メキシコペソ・円の上昇トレンドが継続しています。21日には、7.578円まで上昇し、連日の年初来高値を更新しました。その後、日銀の円買い・ドル売り介入の余波を受け、24日には7.299円まで下落する場面がありましたが、すぐに7.4台を回復しています。いまのところ、日銀の介入による下落は、押し目場面となっているようです。
・ドルより強いメキシコペソ
メキシコペソが対円で年初から上昇(約35%)していることはもちろんですが、対ドルでも年初から約2.8%上昇しています。今年は「強いドル」のイメージがありますが、メキシコペソはさらにその上いく強さです。メキシコペソが強い背景には、大きく3つあります。高金利、米国からメキシコへの郷里送金、そして直接投資です。
現在、メキシコの政策金利は9.25、3会合連続で0.75%の利上げを実施、利上げ自体は11会合連続です。9月の消費者物価指数は前年同月比8.7%とインフレとの戦いが続いています。次回、11月の金融政策決定会合でも利上げが見込まれています。
米国からメキシコへの送金ですが、メキシコでは米国への出稼ぎ労働者が多くいます。このため、米国からメキシコへの送金額は、メキシコのGDPの約4%を占めます。メキシコ銀行によると、7月の米国からメキシコへの送金額は、53億ドルと過去最高を記録したそうですました。1~7月の累計は328億ドルでした。米国は、労働市場がひっ迫しており、今後もこの傾向が続きそうです。

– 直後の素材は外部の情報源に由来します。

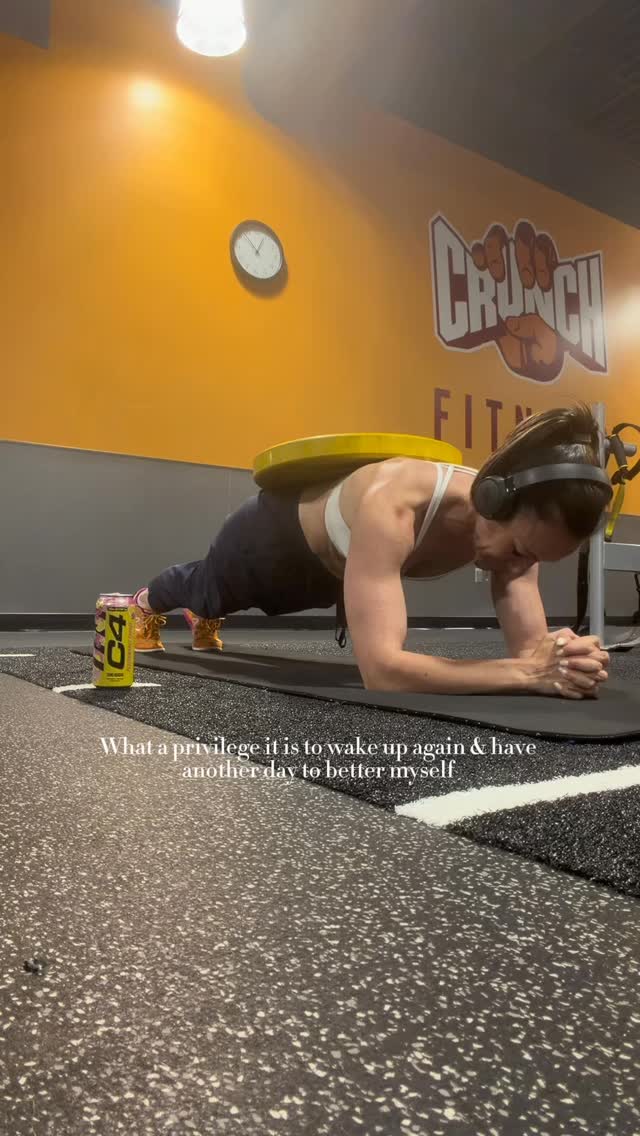 Taking it one day at a time.
#rachaelforreal #strongmom #fitmom #mentalhealth #c4partner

メキシコへの直接投資ですが、8月22日にメキシコ経済省外国投資局(DGIE)が発表した対内直接投資統計によると、2022年1-6月の対内直接投資額(国際収支ベース、フロー)は前年同期比49.2%増の275億1,160万ドルとなりました。同局によると、これには大型案件2件が絡んでおり、それを除いても同12.0%増となっているとのことです。近年の米中関係の緊張により、中国企業が米国へのゲートウェイとしてメキシコへの投資を増やしていることも背景の一つです。
・ペソ円の上値余地はまだある
このようにファンダメンタルズから大きなペソ買いの流れが起きています。また、日・メキシコ、両国の金融政策をみると、日銀の緩和政策は継続されますし、その一方で、メキシコ中銀の利上げ姿勢もまだ続くでしょう。金利差拡大からのペソ円の上昇は続くと考えます。
日銀は円買い介入を実施していますが、あくまで円安のスピードをコントロールするのが目的であり、トレンドを円安から円高に変化させることを目的にはしていません。また、介入効果は、その回数を重ねるごとに効果は薄くなるとみます。円買い介入の余波でペソ・円が下落するようなら、そこは押し目買いの好機となる可能性が高そうです。